Читать «Взрыв в Леонтьевском переулке» онлайн - страница 16

Марк Александрович Алданов

«После расстрела Штаба Махно, — показывал в Чрезвычайной комиссии один из членов организации, взорвавшей особняк в Леонтьевском переулке, — приехавшая публика, которая работала у Махно, возмутившись актом расстрела, решила отомстить за смерть махновцев смертью лиц, принимавших участие в вынесении приговора о расстреле: Пятакова, Раковского и др. Но страсти остыли, и решено было начать бить по центру, то есть Москве».
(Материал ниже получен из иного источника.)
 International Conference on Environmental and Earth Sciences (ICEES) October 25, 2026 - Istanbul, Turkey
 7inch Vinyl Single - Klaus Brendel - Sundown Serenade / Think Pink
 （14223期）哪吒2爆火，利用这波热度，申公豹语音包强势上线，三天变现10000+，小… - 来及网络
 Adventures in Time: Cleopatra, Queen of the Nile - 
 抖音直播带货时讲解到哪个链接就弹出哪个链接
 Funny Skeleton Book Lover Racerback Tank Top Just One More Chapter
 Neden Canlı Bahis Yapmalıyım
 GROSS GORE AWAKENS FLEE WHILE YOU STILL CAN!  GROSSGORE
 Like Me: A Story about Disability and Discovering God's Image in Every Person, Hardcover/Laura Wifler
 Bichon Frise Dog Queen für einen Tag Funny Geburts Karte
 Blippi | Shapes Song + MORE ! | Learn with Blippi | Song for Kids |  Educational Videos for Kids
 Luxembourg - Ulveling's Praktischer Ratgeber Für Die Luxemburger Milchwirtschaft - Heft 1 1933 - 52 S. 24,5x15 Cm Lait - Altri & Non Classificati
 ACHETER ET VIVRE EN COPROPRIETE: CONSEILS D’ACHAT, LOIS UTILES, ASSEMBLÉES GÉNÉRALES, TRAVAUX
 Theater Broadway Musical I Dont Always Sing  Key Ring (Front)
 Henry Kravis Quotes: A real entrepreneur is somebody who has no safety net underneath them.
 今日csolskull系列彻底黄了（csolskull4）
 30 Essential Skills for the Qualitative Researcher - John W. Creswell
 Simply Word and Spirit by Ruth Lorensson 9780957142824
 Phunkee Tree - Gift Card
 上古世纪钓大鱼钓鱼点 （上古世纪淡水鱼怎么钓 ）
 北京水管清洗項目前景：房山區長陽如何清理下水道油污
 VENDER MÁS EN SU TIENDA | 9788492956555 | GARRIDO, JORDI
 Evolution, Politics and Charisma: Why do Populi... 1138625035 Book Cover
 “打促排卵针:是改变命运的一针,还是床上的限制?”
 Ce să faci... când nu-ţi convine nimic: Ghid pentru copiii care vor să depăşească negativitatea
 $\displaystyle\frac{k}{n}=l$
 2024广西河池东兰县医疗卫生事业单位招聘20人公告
Под «приехавшей публикой» надо разуметь, по-видимому, значительную часть участников взрыва 25 сентября. У Махно служили Гречанинов, Глагзон, Барановский, Цинципер и, быть может, некоторые другие видные члены организации, группировавшейся вокруг дачи в Краскове. Некоторые из них занимали в Гуляй-Поле видные посты: двое, если верить большевистскому публицисту Кубанину, ведали махновской контрразведкой. Из приведенного выше показания можно сделать вывод, что мысль об ударе по московскому центру явилась у махновцев лишь после расстрела Михалева-Павленки, то есть в июне. Я склонен, однако» думать, что дело было задумано раньше.

Сам Махно в Москве в 1919 году не был. За год до взрыва в Леонтьевском переулке он совершил поездку по России, собирая анархические силы и проповедуя идею «вольных советов», — впоследствии подхваченную совершенно иными течениями. Об этой поездке он подробно рассказывает во втором томе своих воспоминаний, до сих пор не напечатанном. Махно побывал у Кропоткина, у другого известного теоретика анархизма Борового (недавно скончавшегося в ссылке в СССР). Побывал он и у Ленина, которого идеей вольных советов не соблазнил. С той поры он в Москве не бывал. Связь его с членами московской организации поддерживалась, по-видимому, через эмиссаров.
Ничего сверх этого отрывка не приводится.